Simulation - The Future of MedicineSurgical Simulation
Laproscopic Surgery Simulation
I was on a plane a few years ago flying from Denver to Baltimore. Toward the end of the flight, I put my work away in my briefcase and stowed it under the seat, at which point the gentleman sitting next to me struck up a conversation. It turned out he was a senior pilot for United Airlines and the route he flew was Newark, New Jersey, to Tokyo, Japan. He explained that he lived on the Eastern Shore of Maryland and would fly up to Newark where he would captain a Boeing 747 nonstop to Tokyo. Once he arrived in Tokyo he was required to spend a number of days resting and getting over jetlag before beginning the return flight. When he returned, he had a long hiatus before he flew the next flight.
Unlike in his younger days flying a 737 with multiple take-offs and landings each day, he now did only a few take-offs and landings each month. This explained why he was also flying from Denver to Baltimore. He had been in Denver at the United Airlines Simulation Center where for two days he had practiced more than a dozen take-offs and landings with multiple simulated emergencies, weather issues, and so on. He explained that it had been a great experience, almost exactly as though he were in the cockpit of his Tokyo-bound 747, and that it gave him the opportunity to maintain his skills.
Using simulators for operating room practice is not commonplace; however, I am sure that it will become routine in the coming years. Simulators today for the operating room are nowhere near as advanced as they are for the airline industry, even though a variety of simulators is available. The military has developed simulators to train medics to insert chest tubes; simulators allow for practice inserting a tube into the airway while others simulate starting IV lines.
I had the opportunity to try out a limited laparoscopic simulator. The device looked like a box with a rubberlike cover that was meant to imply the abdominal wall. The laparoscopic instruments passed through a number of half-inch slits in the wall. One instrument held the miniaturized camera that projected onto a TV screen in front of me, and the other instrument held a set of pinchers. Inside the abdomen were five small round dishes. In one of the dishes were four marbles. My task was to move the laparoscopic pinchers into the dish with the marbles, grab a marble, lift it out of the dish, and then place it in one of the other dishes. This was repeated until there was a marble in each of the four dishes.
Having never handled any type of laparoscopic instrument before, I can tell you that this was something of a challenge. Within a few minutes though, I was able to grasp the marbles and get them moved to the various dishes. I was rather proud of myself, but the simulator gave me a poor score. "Why?" I questioned the instructor who was standing beside me. "Well," she said, smiling, "you got them from the one dish to the other dishes, but it took you five minutes, whereas it would take an experienced surgeon less than thirty seconds. Second, you got them there, but the simulator monitored your hand motions. Look at this graph on the monitor, you were certainly not smooth. The idea is to move them in a very smooth movement; yours were not."
Now, I'm not a surgeon, but I do have reasonable dexterity, and what I took away from this rather limited example is that every medical student should have the same experience I had and every surgical resident should have to demonstrate a high level of competence on this and other simulation devices before ever being allowed to assist in laparoscopic surgery in the operating room. That's exactly what is happening in some medical centers around the country. Yes, the current simulators are still relatively crude, but they are improving every year. Trainees who have the opportunity to work with them almost invariably say that it was a major help in learning to do laparoscopic surgery. One of the advantages of a simulator is that you get immediate feedback, as I did in my limited experiment.

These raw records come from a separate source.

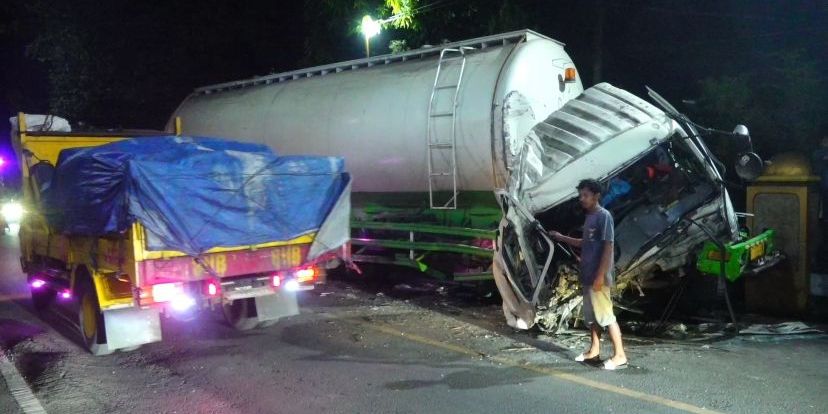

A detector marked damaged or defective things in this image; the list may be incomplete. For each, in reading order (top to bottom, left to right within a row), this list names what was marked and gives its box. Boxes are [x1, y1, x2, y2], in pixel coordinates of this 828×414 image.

overturned tanker truck [171, 28, 780, 330]
damaged vehicle door [494, 82, 780, 332] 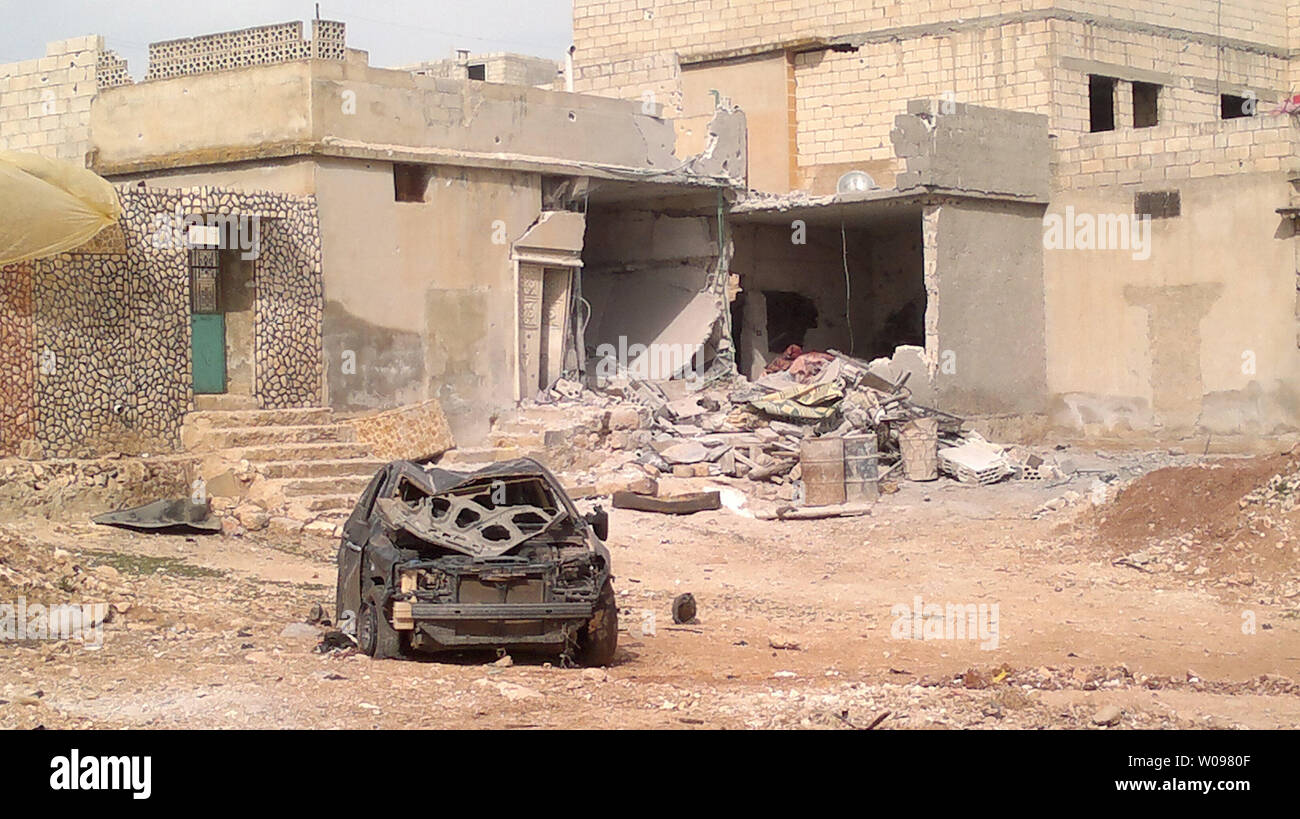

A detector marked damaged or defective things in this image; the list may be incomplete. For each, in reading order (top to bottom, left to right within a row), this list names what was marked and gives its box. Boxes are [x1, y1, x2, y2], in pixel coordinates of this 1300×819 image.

rusty barrel [795, 436, 847, 506]
rusty barrel [842, 434, 883, 504]
rusty barrel [899, 421, 941, 483]
burned car wreck [335, 454, 618, 665]
destroyed car [335, 454, 618, 665] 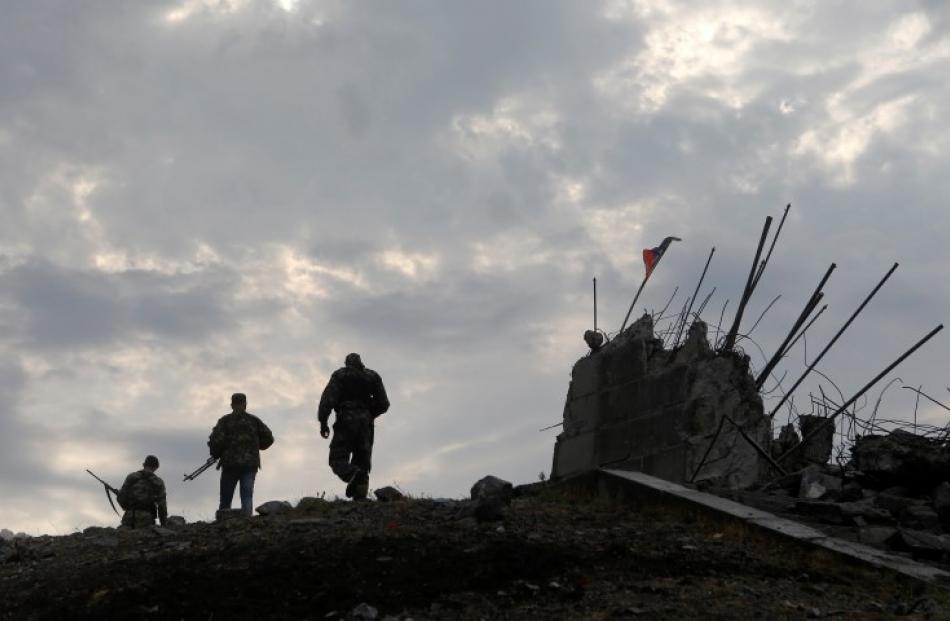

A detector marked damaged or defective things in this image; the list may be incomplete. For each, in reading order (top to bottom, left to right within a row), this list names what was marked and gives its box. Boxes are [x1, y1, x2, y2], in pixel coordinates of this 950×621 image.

broken concrete wall [556, 314, 768, 490]
broken ledge [564, 470, 950, 588]
cracked concrete edge [604, 470, 950, 588] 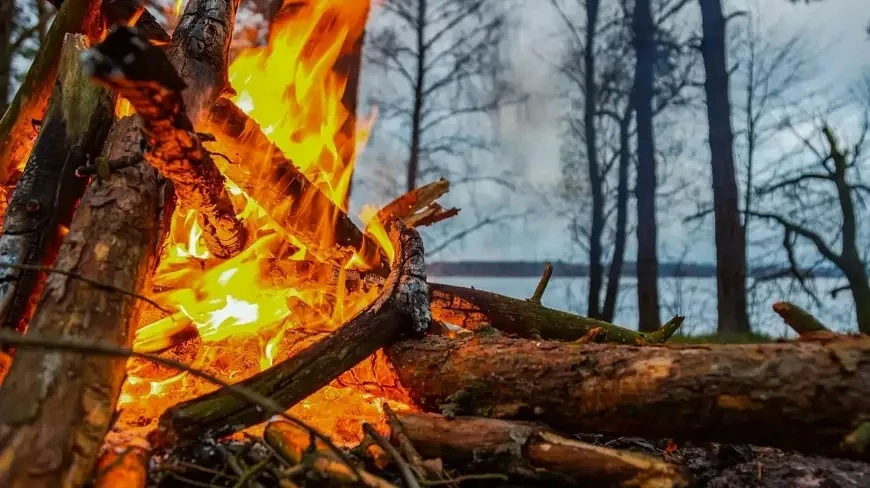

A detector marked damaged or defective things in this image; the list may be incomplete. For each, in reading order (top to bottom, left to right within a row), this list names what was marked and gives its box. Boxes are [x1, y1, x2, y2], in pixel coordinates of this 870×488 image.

broken stick [0, 33, 116, 332]
broken stick [85, 25, 247, 260]
broken stick [158, 222, 430, 442]
broken stick [398, 414, 692, 486]
broken stick [388, 334, 870, 460] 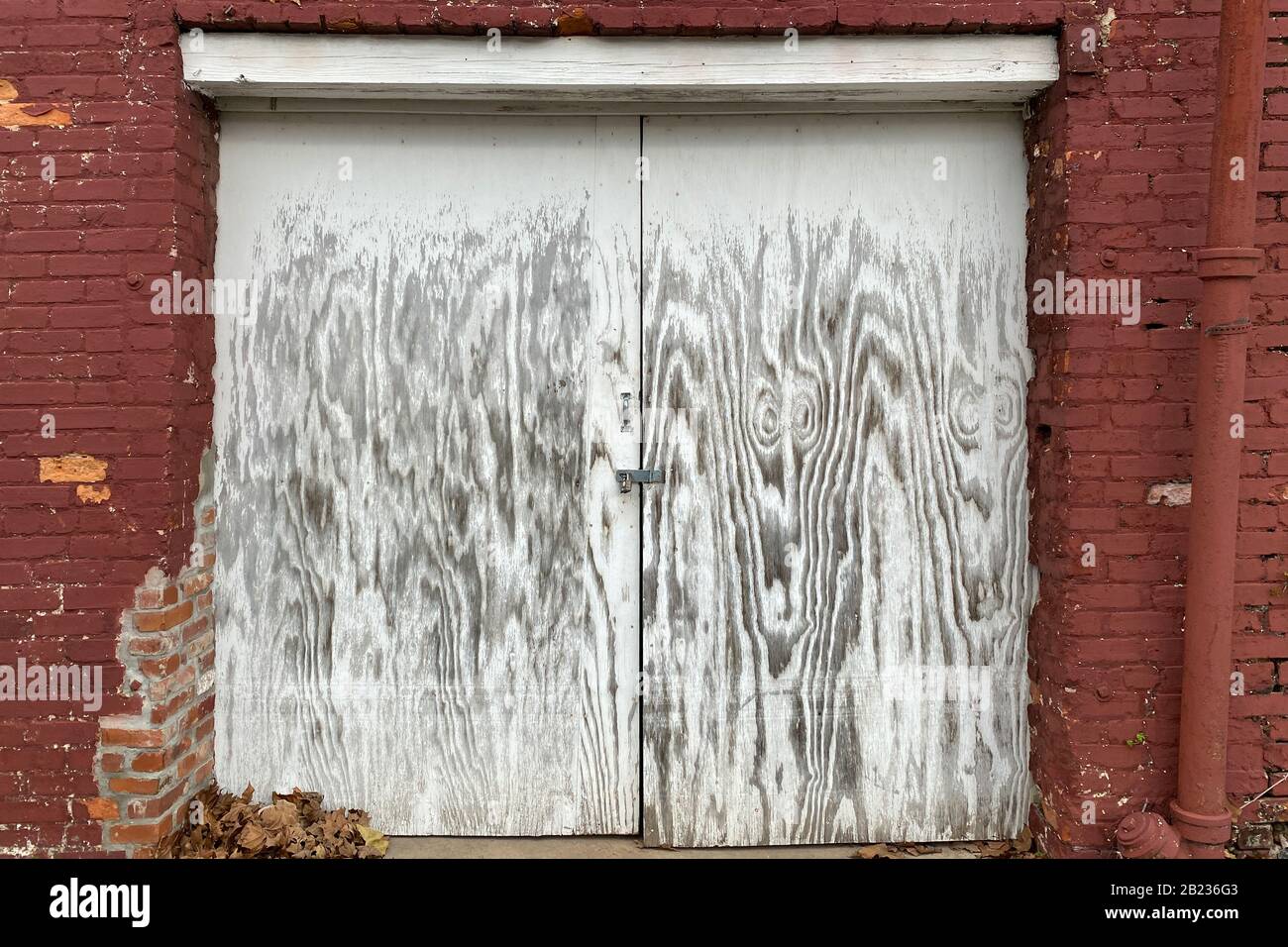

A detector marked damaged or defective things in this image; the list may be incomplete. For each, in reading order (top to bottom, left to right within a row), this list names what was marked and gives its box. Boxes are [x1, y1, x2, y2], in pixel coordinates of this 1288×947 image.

rusty drainpipe [1110, 0, 1260, 860]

At a conference recently, I learned that the surgical residents who warmed up with some video game time were found, in a simulated environment, to have 32 percent fewer errors, to be 24 percent faster, and to have an overall 26 percent better score on a standardized procedure. Considering this, should you ask your surgeon just before being put to sleep if she did well on her video game before breakfast this morning?